======== Exercise inputs ========

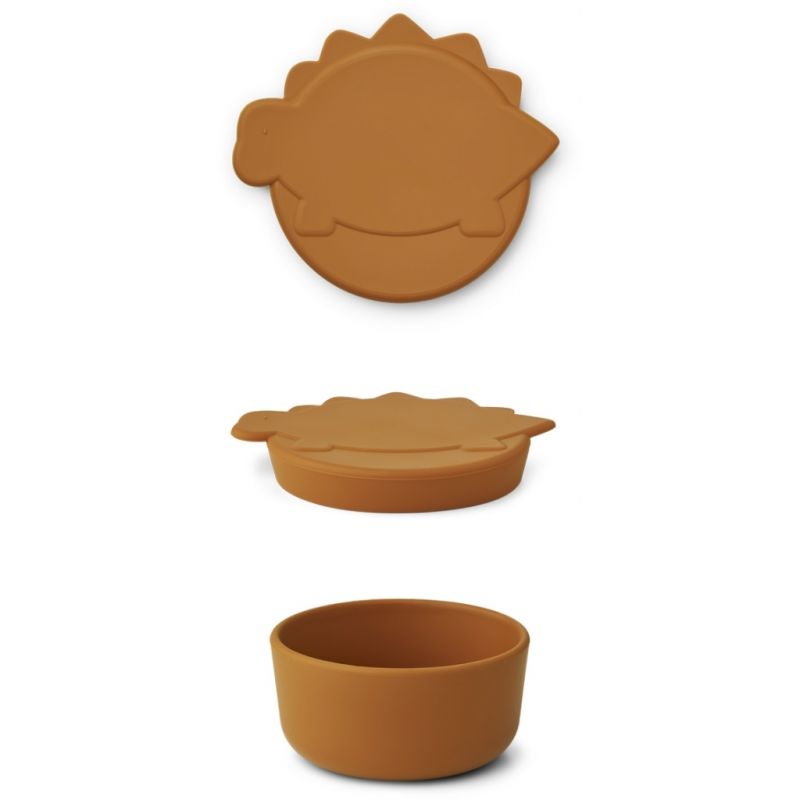 LIEWOOD - Cornelius Snack Box Dino Mustard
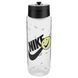 Бутылка Nike TR RENEW RECHARGE STRAW BOTTLE 24 OZ грфическая прозрачная, черная Уни 709 мл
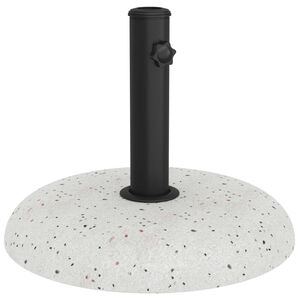 vidaXL Parasolfod Hvid og sort 45 x 45 x 40 cm Beton og metal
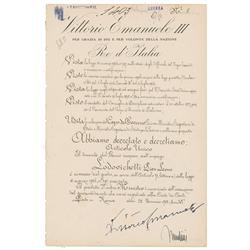 Benito Mussolini and Vittorio Emanuele III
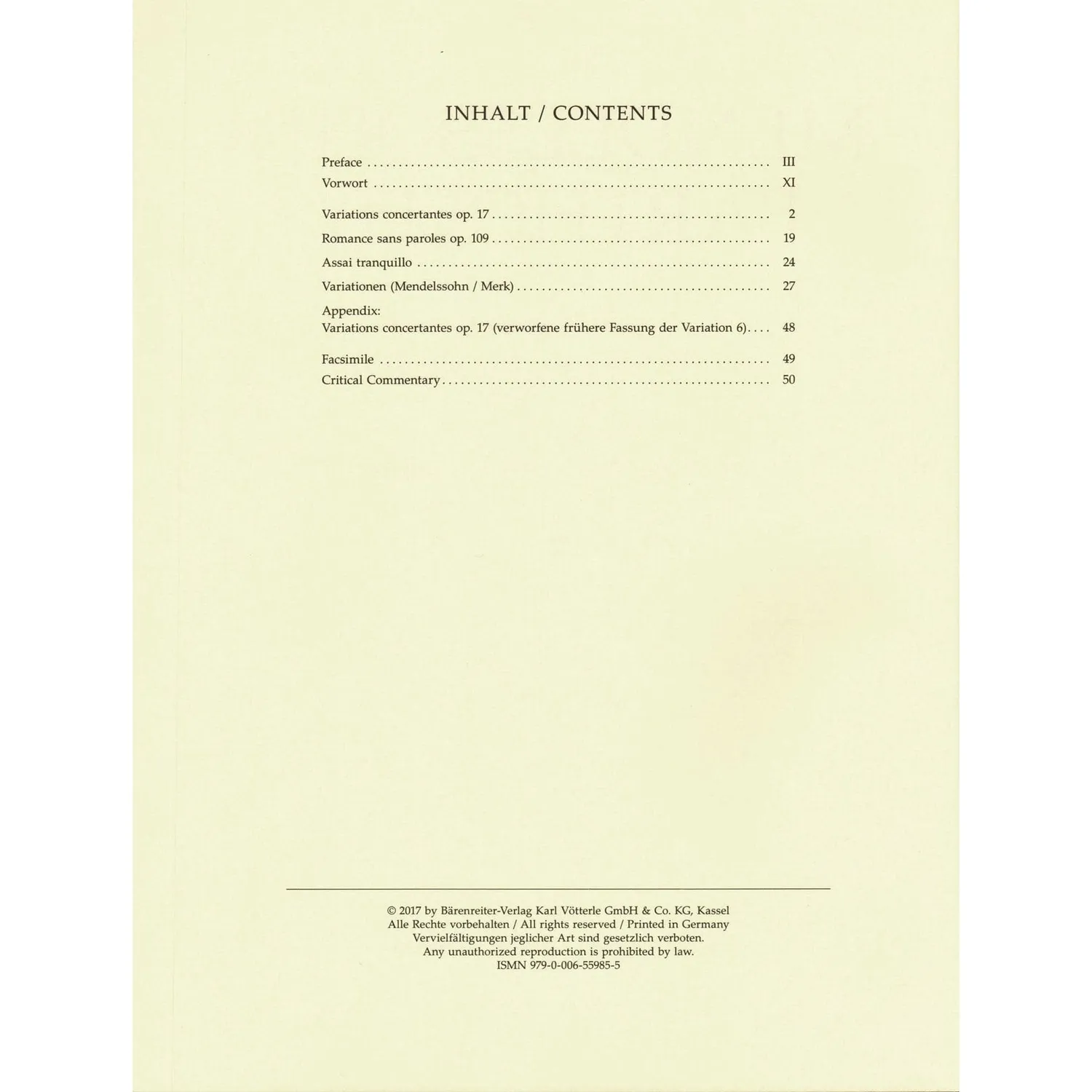 Mendelssohn Sämtliche Werke 2 Cello Klavier Urtext Barenreiter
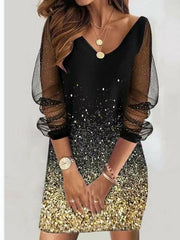 Vestido de mujer de malla transparente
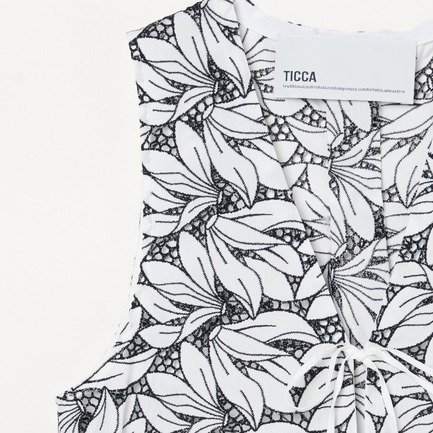 FLOWER LACE VEST 詳細画像 ホワイト 3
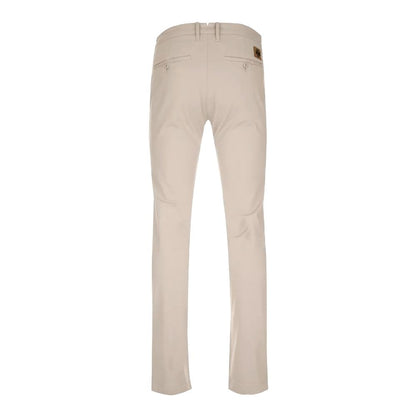 Jacob Cohen Beige Cotton Chino Trousers – Slim Fit Elegance Jacob Cohen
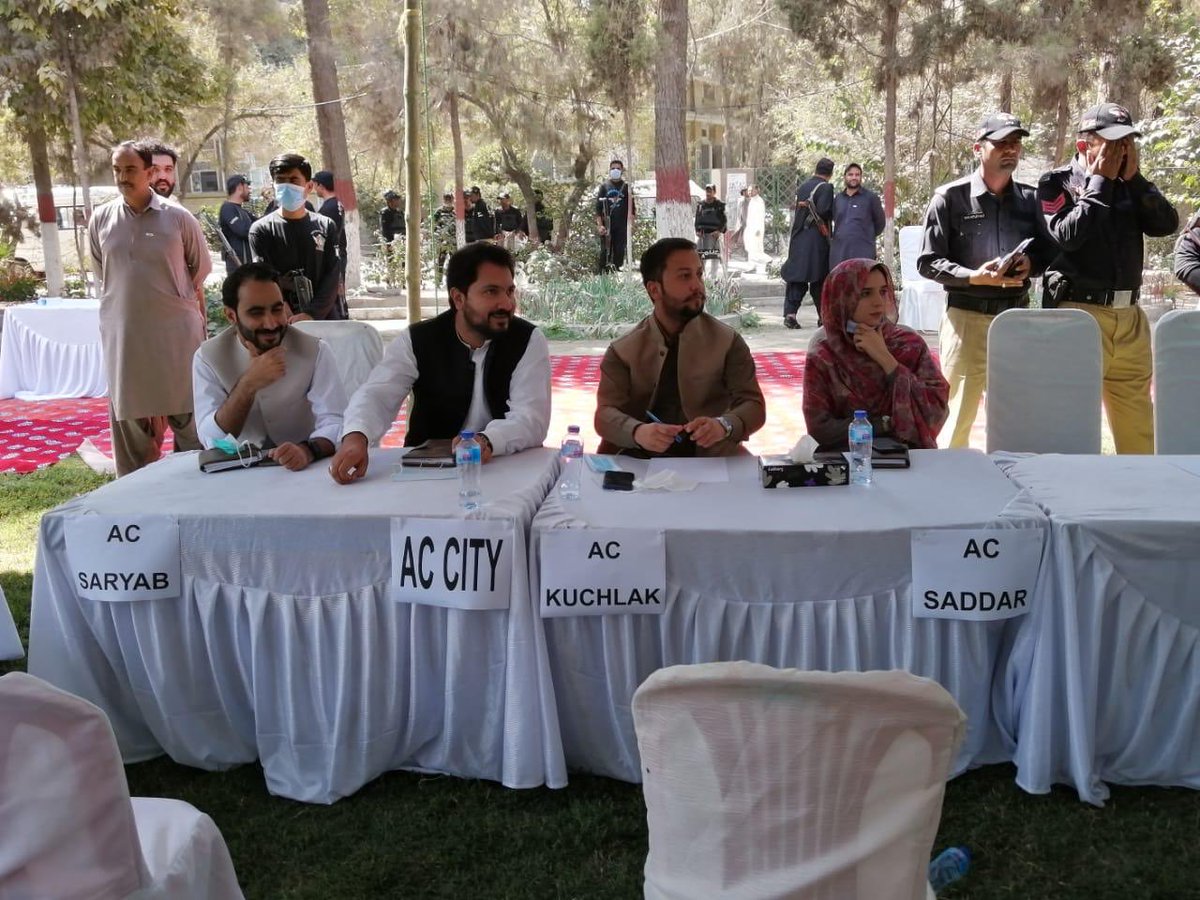 At khulli katcheri with ⁦@Acsariab⁩ ⁦@Acsaddar⁩ ⁦<a href="/kuchlak_quetta/">Assistant Commissioner Kuchlak, Quetta</a>⁩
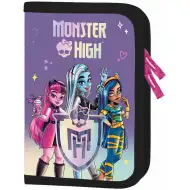 Astuccio pieghevole viola Monster High 21x14x3,5 cm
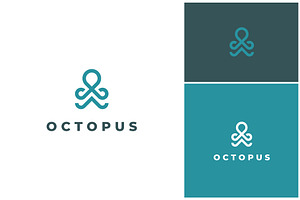 Octopus Squid Simple Logo, a Branding & Logo Template by ika trisiana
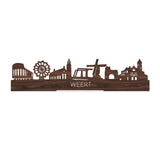 Standing Skyline Weert Noten houten cadeau decoratie relatiegeschenk van WoodWideCities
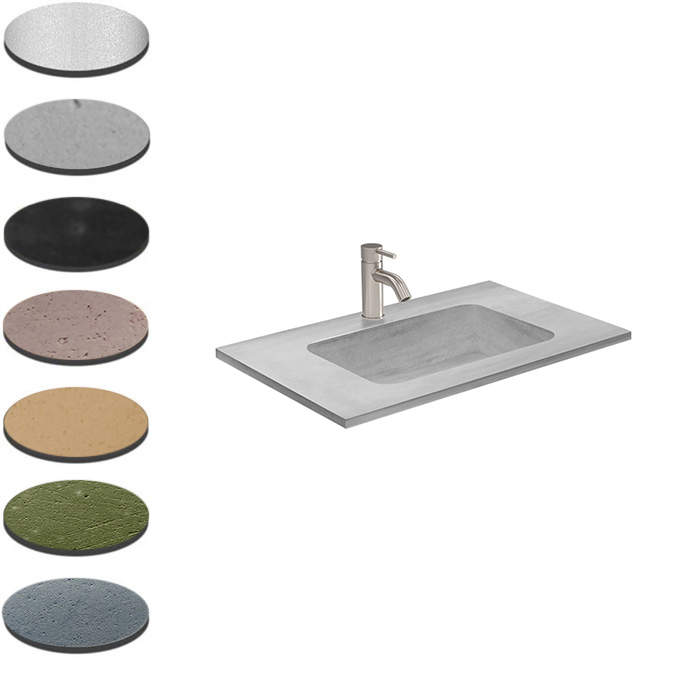 BARE CONCRETE VANITY BASIN 750X460X140MM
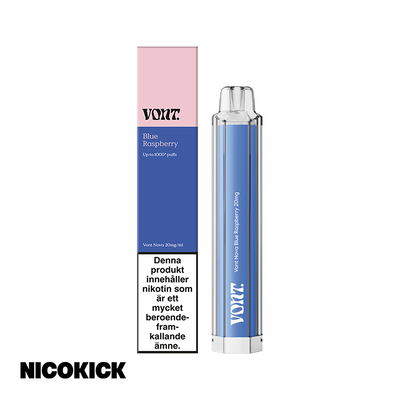 Vont Nova Engångs Vape - Blue Raspberry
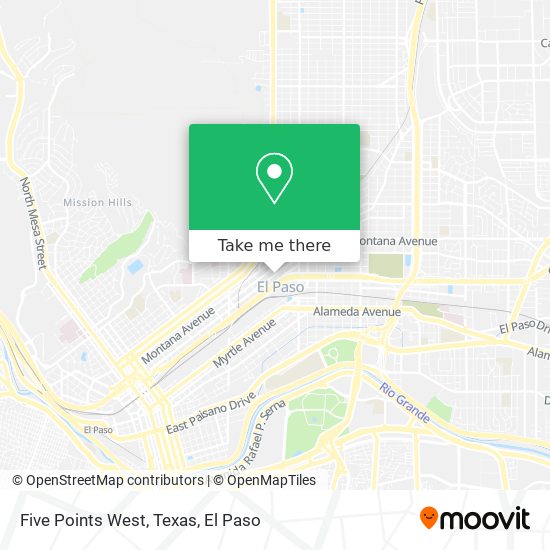 Mapa de Five Points West, Texas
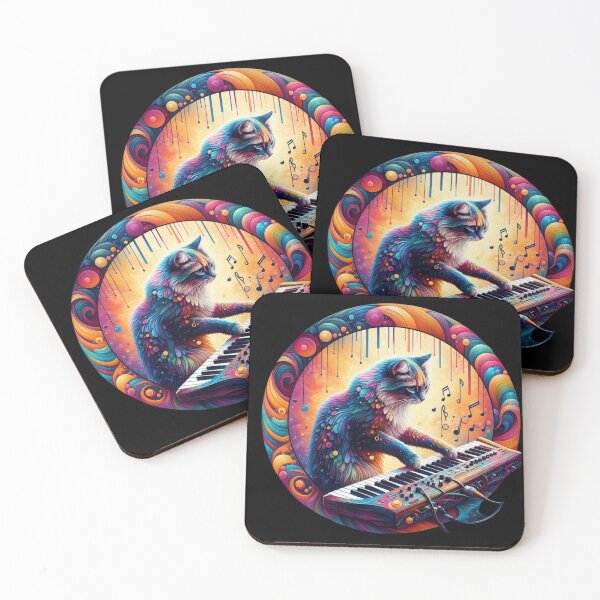 Item preview, Synth Cat Artistry number 1 designed and sold by MarandSviet.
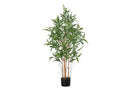50" Tall, Artificial Plant, Bamboo Tree, Indoor, Faux, Fake, Floor, Greenery, Potted, Decorative - Green / Black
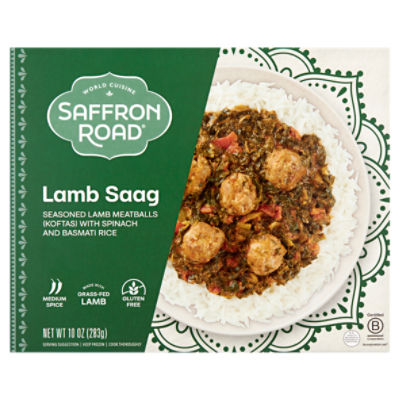 Saffron Road Lamb Saag, 10 oz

========

- Exercise goal
Your answer must be exactly the lines from the one containing "Item preview, Synth" through the last line of the records above, both included, with every picture left out.

- Solution to this exercise
 Item preview, Synth Cat Artistry number 1 designed and sold by MarandSviet.
50" Tall, Artificial Plant, Bamboo Tree, Indoor, Faux, Fake, Floor, Greenery, Potted, Decorative - Green / Black
 Saffron Road Lamb Saag, 10 oz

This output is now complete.